Wakil Ketua Komisi VI DPR Aria Bima berpendapat selama pidato presiden menempatkan dirinya sebagai kepala pemerintahan. Seharusnya ia memposisikan diri sebagai kepala negara terkait momentum yang ada.
"Ini kan pidato presiden sebagai kepala negara dalam peringatan ulang tahun Indonesia di depan DPR. Seharusnya presiden berbicara soal fungsi bangsa Indonesia ke depan dalam hal memaknai ulang tahun ke-68," katanya kepada Bisnis, Jumat (16/8/2013).
Dalam pidato tersebut presiden SBY menggarisbawahi 4 hal utama, pertama soal kemampuan pengelolaan perekonomian lokal di tengah perlambatan ekonomi global.
Selebihnya terkait persoalan toleransi antar dan intra umat beragama, persiapan menjelang pemilihan presiden dan wakilnya pada 2014, serta pentingnya mempertahankan kedaulatan wilayah RI.
Di luar itu sempat dibahas pula mengenai kiprahnya dalam mengupayakan penyelesaian berbagai konflik di sejumlah negara seperti Suriah, Palestina, dan Mesir. Tentu juga disinggung mengenai pengungkapan sejumlah kasus korupsi oleh Komisi Pemberantasan Korupsi.
Menurut Aria, secara umum yang dikemukakan SBY cenderung sebagai kisah sukses diri sebagai presiden. Seharusnya yang ditekankan lebih soal visi ke depan untuk membangkitkan semangat seluruh elemen negara menyelesaikan berbagai masalah yang ada.
"SBY tidak mengangkat masalah Indonesia sekarang. Seharunya akui saja masih ada sekian pengangguran, ada pekerjaan rumah soal daya saing, dan bagaimana membangun karakter negara.
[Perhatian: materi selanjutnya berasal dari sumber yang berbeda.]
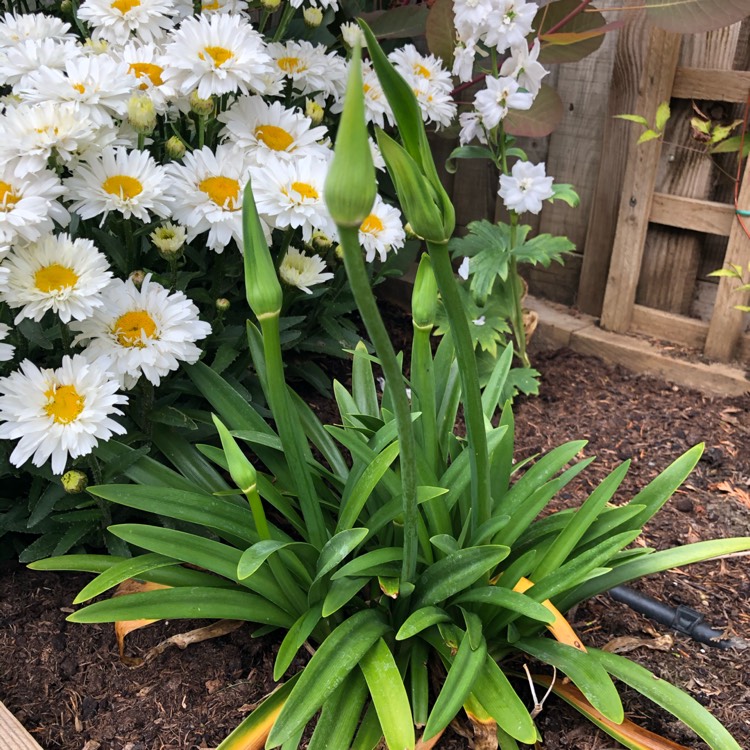 Plant image Agapanthus 'Charlotte'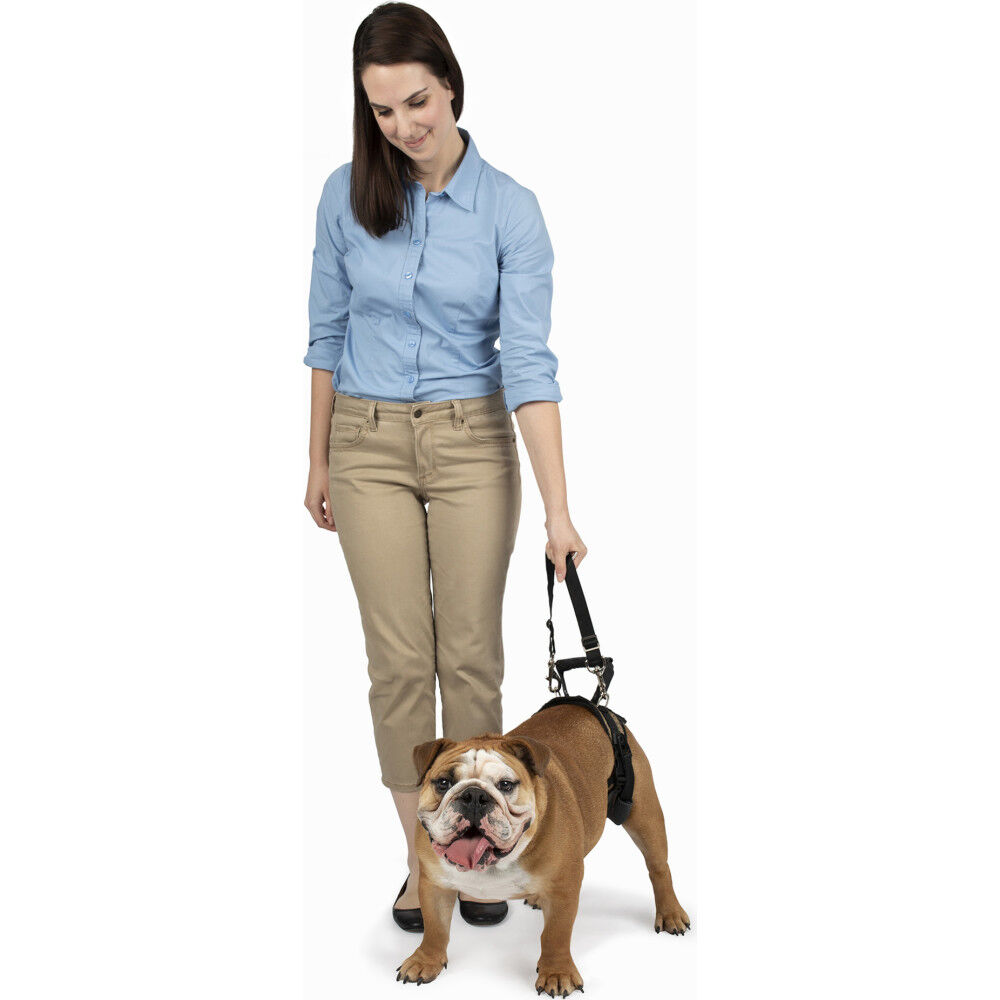 Carelift harness best sale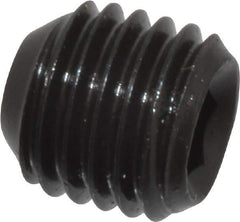 Made in USA - 5/16-24 UNF, 5/16" Length Under Head, Cup Point Set Screw - Grade 8 Alloy Steel, 5/32" Key - Apex Tool & Supply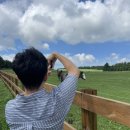 성민목장 이미지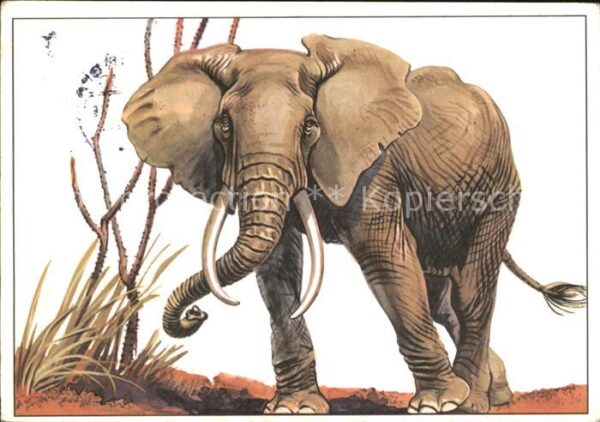 Elefant Afrikanischer Steppenelefant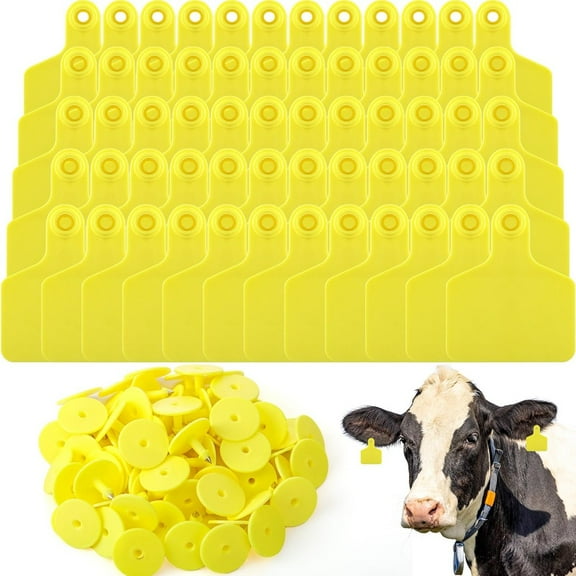 100 Pieces Blank Cow Ear Tags Large Plastic Livestock Ear Tags for Cow Horse Dog Pig Goat Sheep Farm Management Yellow,100 pcs * pigs ears,Yellow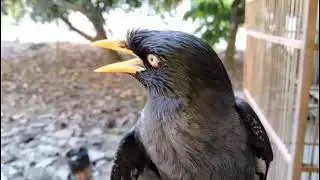 Kicauan Merdu jalak kebo suara mantap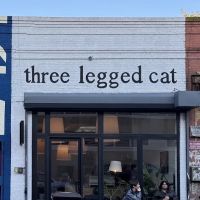 three legged cat ico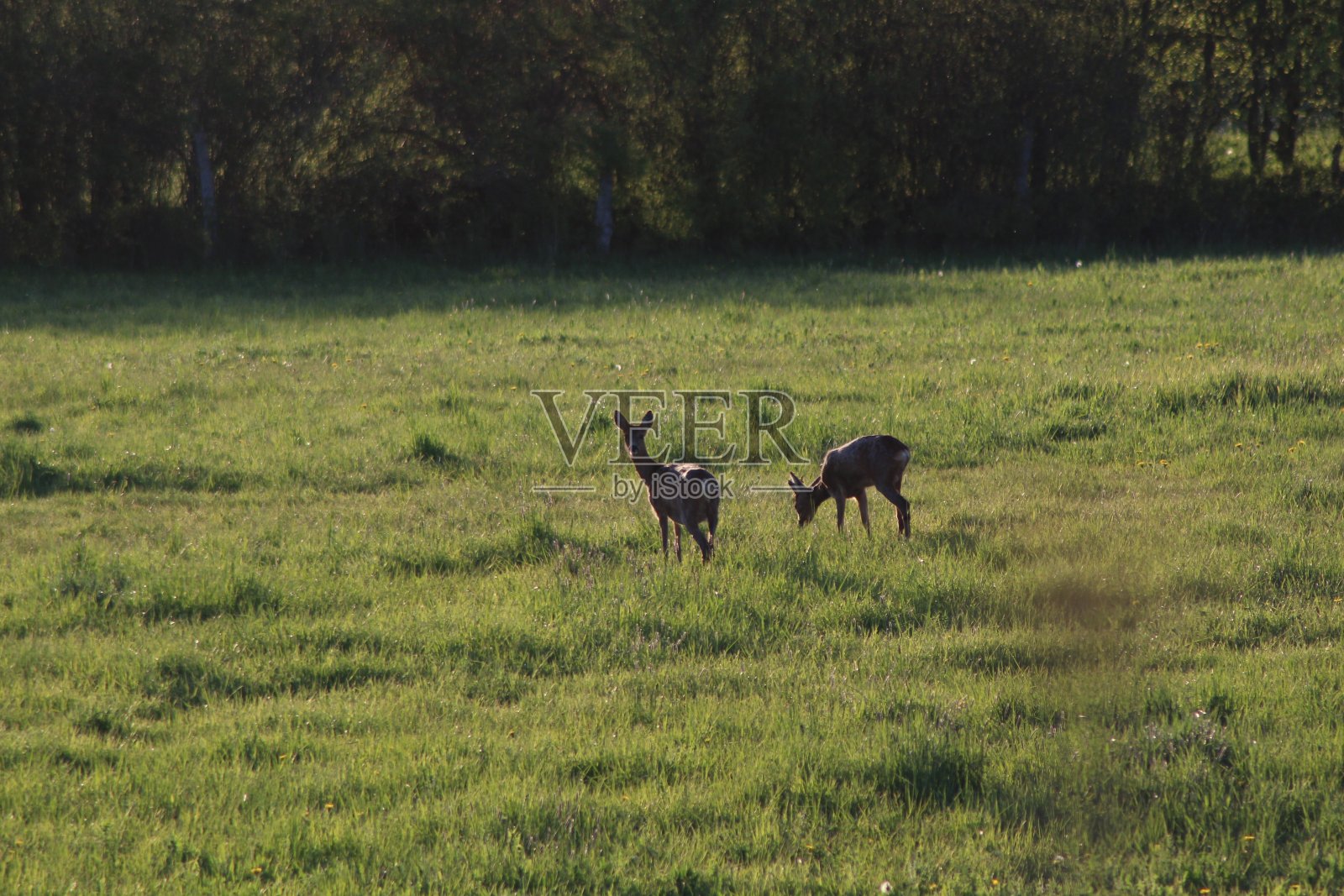 夕阳下的鹿照片摄影图片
Presiden hanya bicara success story harusya bicara komitmen ke depan," ucapnya.
Terkait persoalan kemiskinan disampaikan presiden, Indonesia sebagai negara berpendapatan menengah berhasil menekan angka kemiskinan secara bertahap. Pada 2004, penduduk miskin turun 16,66% menjadi 11,37% pada Maret 2013. Tingkat pengangguran terbuka juga turun dari 9,86% selama 2004 menjadi 5,92% pada Februari 2013.